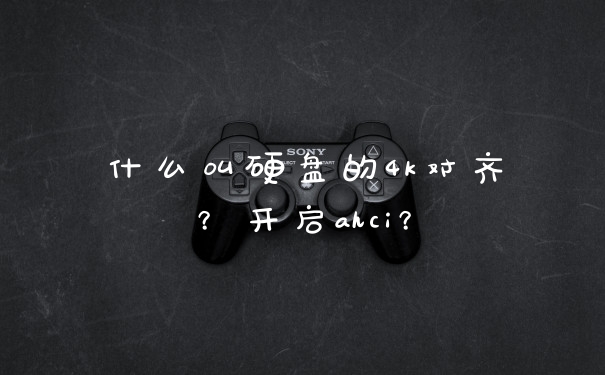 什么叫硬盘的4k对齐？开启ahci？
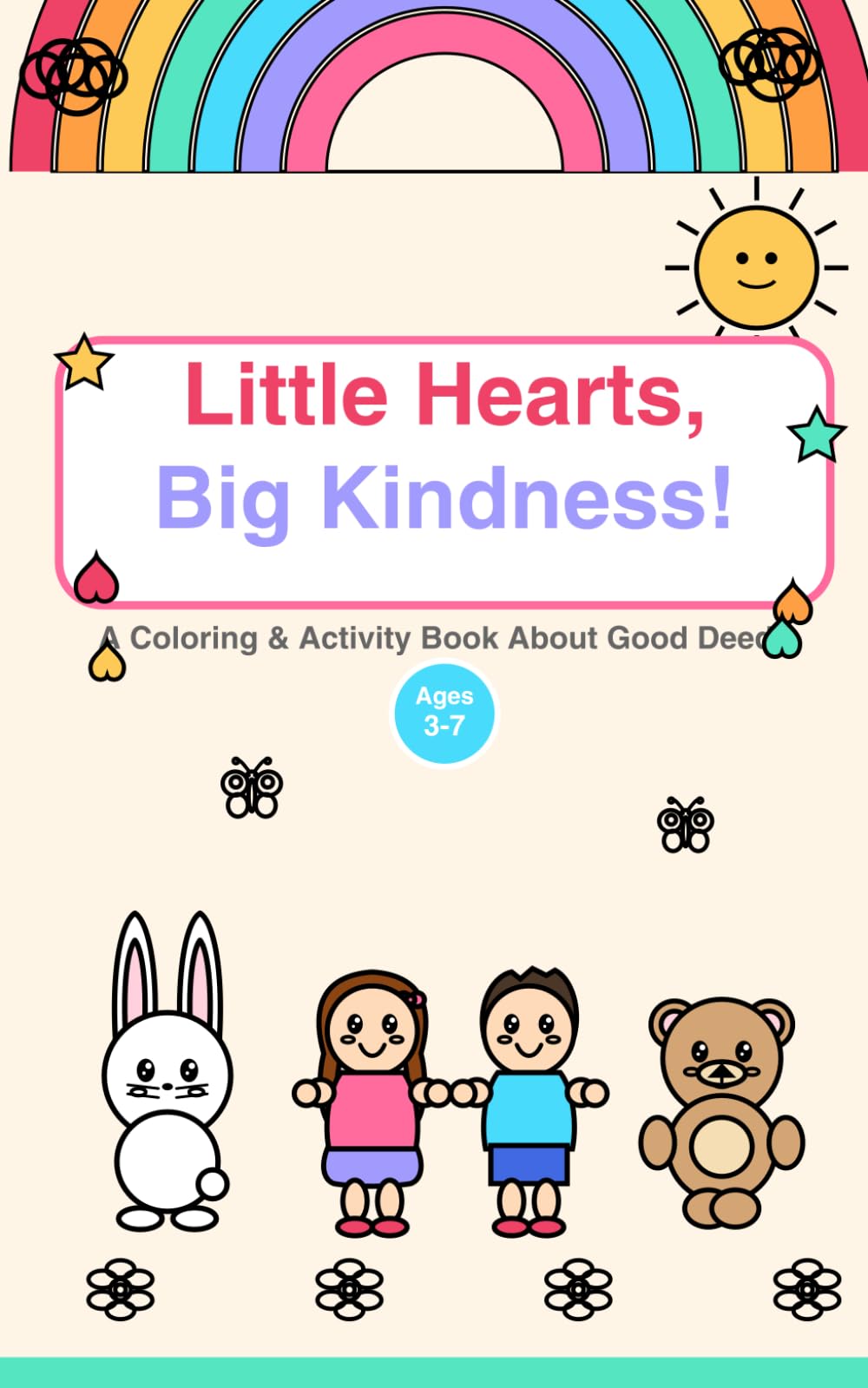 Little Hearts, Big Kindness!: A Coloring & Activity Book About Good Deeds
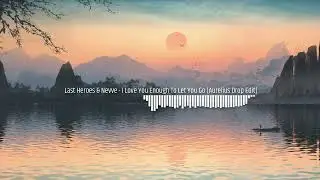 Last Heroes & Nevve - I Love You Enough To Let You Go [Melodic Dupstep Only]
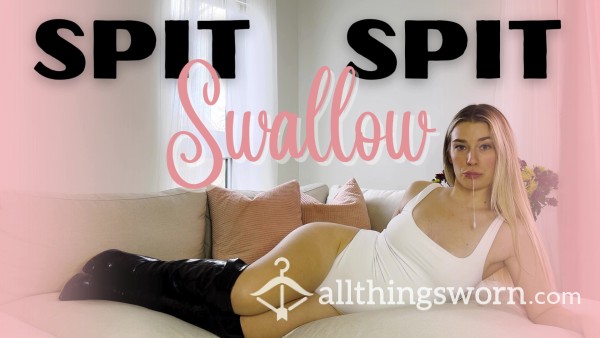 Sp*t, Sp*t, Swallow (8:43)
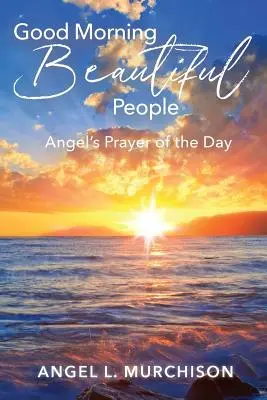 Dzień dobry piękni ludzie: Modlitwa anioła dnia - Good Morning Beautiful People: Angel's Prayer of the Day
......
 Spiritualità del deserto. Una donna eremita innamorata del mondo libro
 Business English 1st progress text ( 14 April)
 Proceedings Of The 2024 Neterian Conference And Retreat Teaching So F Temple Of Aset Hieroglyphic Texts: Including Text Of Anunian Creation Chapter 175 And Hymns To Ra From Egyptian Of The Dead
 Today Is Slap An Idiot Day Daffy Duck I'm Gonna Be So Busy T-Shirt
......
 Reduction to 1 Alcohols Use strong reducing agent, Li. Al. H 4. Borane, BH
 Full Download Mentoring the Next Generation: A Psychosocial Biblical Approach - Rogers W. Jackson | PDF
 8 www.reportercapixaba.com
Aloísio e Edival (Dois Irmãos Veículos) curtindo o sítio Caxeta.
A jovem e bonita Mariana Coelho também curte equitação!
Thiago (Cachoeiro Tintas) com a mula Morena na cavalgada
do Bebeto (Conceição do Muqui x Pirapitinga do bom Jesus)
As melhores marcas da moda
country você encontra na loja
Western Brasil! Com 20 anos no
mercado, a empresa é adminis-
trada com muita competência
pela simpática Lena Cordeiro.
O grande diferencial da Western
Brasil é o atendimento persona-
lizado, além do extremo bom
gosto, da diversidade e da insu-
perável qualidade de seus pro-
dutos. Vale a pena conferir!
......
Exercise objective: If a line of the data contains "Western", copy it out.

The answer:
Western Brasil! Com 20 anos no
O grande diferencial da Western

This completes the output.